Facile and rapid synthesis of crystalline quadruply bonded Cr(ii) acetate coordinated with axial ligands

Abstract

A quadruple bond formed between d-block or f-block atoms is an interesting research topic due to its unique nature including a supershort bonding distance and narrow energy gap between δ and δ*. Among various multiply bonded complexes, quadruply bonded Cr(II) acetates are considered useful to control the δ–δ* energy gap by the Lewis basicity of additional ligands.
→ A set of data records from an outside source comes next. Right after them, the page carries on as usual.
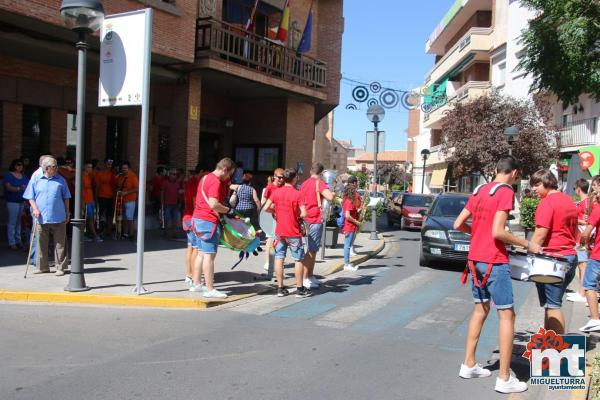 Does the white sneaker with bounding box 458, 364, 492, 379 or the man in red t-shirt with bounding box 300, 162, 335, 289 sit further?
the man in red t-shirt with bounding box 300, 162, 335, 289

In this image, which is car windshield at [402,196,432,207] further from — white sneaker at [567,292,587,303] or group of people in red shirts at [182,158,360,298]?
group of people in red shirts at [182,158,360,298]

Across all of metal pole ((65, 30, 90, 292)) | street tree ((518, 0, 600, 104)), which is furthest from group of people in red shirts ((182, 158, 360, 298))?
street tree ((518, 0, 600, 104))

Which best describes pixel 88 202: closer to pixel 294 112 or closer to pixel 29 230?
pixel 29 230

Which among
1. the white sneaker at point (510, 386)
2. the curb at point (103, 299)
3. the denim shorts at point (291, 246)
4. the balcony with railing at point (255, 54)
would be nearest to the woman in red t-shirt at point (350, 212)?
the denim shorts at point (291, 246)

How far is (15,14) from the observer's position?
36.3ft

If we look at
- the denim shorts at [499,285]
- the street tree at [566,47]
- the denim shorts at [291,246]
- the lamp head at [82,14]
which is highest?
the street tree at [566,47]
However, the synthesis and preparation of the high-quality, large-sized crystals of Cr(II) acetates coordinated with axial ligands (Cr₂(OAc)₄L₂) have been difficult due to their vulnerability to O₂, a representative oxidizing agent under aerobic conditions. In this study, we report a facile synthesis of sub-millimeter-scale crystals of Cr₂(OAc)₄L₂ by simple dissolution of Cr₂(OAc)₄ in ligand solvents L. To obtain stably ligated Cr₂(OAc)₄L₂, anhydrous Cr(II) acetates (Cr₂(OAc)₄) were dissolved in the ligand solvents L, which was degassed of dissolved O₂. Also, sub-millimeter-scale single crystals of Cr₂(OAc)₄L₂ were produced rapidly for less than an hour by the drop-drying process. The single-crystalline phase of the synthesized Cr(II) complexes was measured by X-ray diffraction techniques, confirming the dependency of Lewis basicity of the additional axial ligands on the Cr–Cr quadruple bond distance. Further, the Raman peaks of the quadruple bonds in Cr₂(OAc)₄L₂ were observed to be red-shifted with the increased basicity of the axial ligands.